Measurements and Main Results: Among countries using one of two standardized initial regimens, failure rates averaged 5.0%, and relapse rates averaged 12.8% in the 20 countries where prevalence of initial multidrug resistance exceeded 3%, compared with an average of 1.6% (P < 0.0001) and 8.1% (P = 0.0002), respectively, in 83 countries where initial multidrug resistance prevalence was less than 3%. In 92 countries using one standardized retreatment regimen, failure rates were 2.7%, 3.8%, 6.2%, and 8.1% in quartiles of increasing prevalence of acquired multidrug resistance (P < 0.0001). When stratified by initial multidrug resistance prevalence, initial and retreatment outcomes in the 79 countries using the 6-month rifampin initial regimen were not significantly different from the 24 countries using the 2-month rifampin initial regimen.

Conclusions: Currently recommended standardized TB initial and retreatment regimens should be reevaluated in countries where prevalence of initial multidrug resistance exceeds 3%, in view of poor treatment outcomes.

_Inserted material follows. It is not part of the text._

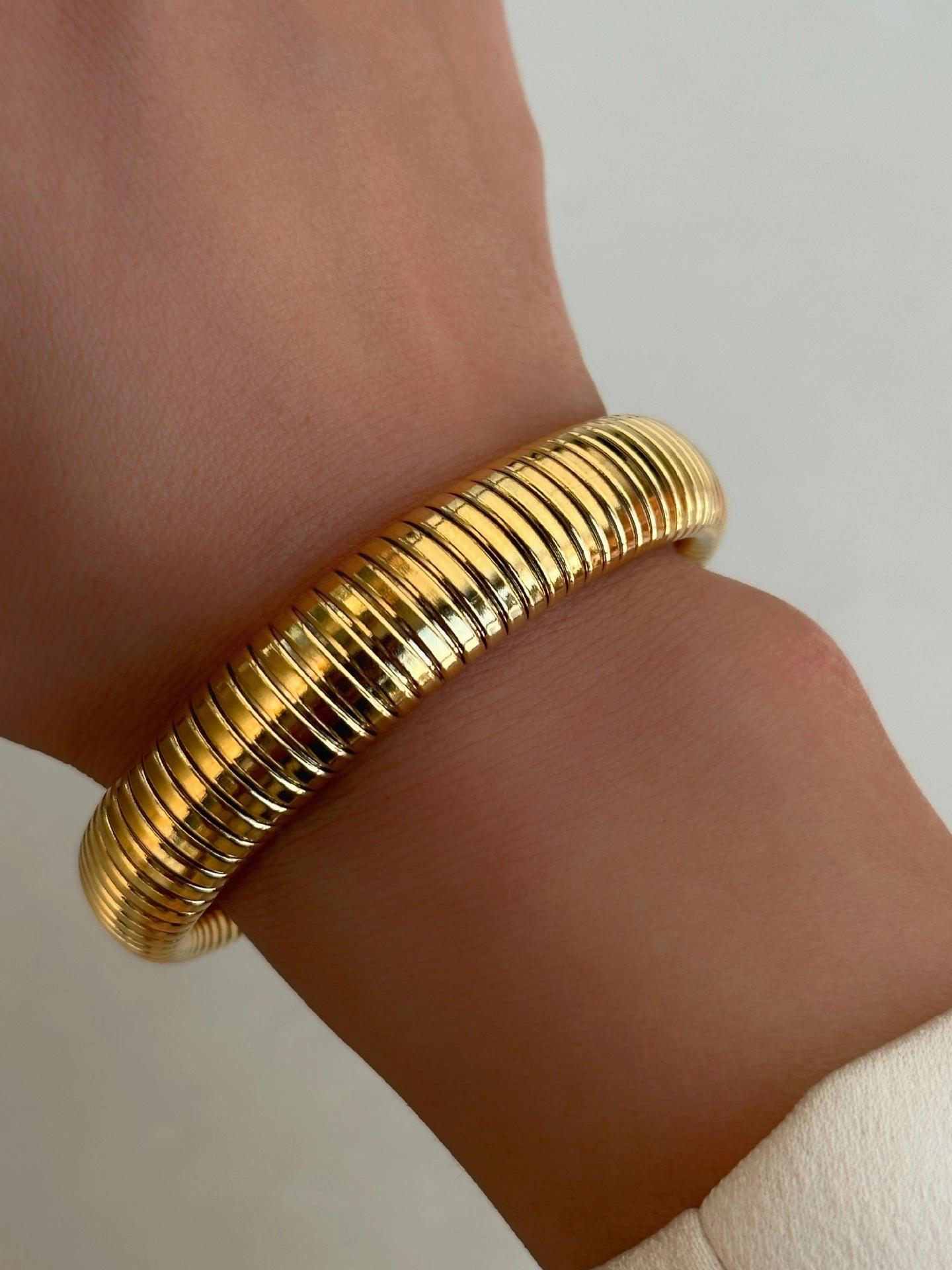 Wholesale 18k Real Gold Electroplated Titanium Steel Vintage Elastic Bracelet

Key Words: tuberculosis • tuberculosis treatment • drug resistance • multidrug resistance • treatment outcomes

AT A GLANCE COMMENTARY TOP ABSTRACT AT A GLANCE COMMENTARY METHODS RESULTS DISCUSSION REFERENCES   Scientific Knowledge on the Subject Multidrug-resistant tuberculosis poses an increasing challenge to tuberculosis control worldwide. In countries where drug sensitivity testing is not performed routinely, the current standardized regimens may be contributing to worsening drug resistance levels. What This Study Adds to the Field In 103 countries where standardized treatment regimens are used, failure and relapse rates were significantly higher if the initial multidrug resistance prevalence was 3% or higher. In these countries, more than 20% of all patients on treatment required retreatment.

 
Multidrug-resistant tuberculosis (MDR-TB), denoting bacillary resistance to at least isoniazid and rifampin (or rifampicin), presents a major challenge for clinical care (1, 2) and TB control (3). Care is difficult because treatment must use second-line drugs that are much less effective and more toxic (2). Challenges to TB control include the need for prolonged, closely supervised therapy (2), greater requirement for training of clinical personnel, and very high drug costs (4). The World Health Organization (WHO) has estimated that in 2004 approximately 424,000 new cases of MDR-TB occurred, of which 57% had never been treated before, accounting for 2.7% of all new cases (5). The WHO has also estimated that there may be more than a million persons alive with active MDR-TB, 134,000 of whom the Stop TB partnership has estimated will receive treatment in 2007 and 2008 (6). The recent emergence of extensively drug-resistant TB (7) further emphasizes the need for new strategies to prevent MDR-TB.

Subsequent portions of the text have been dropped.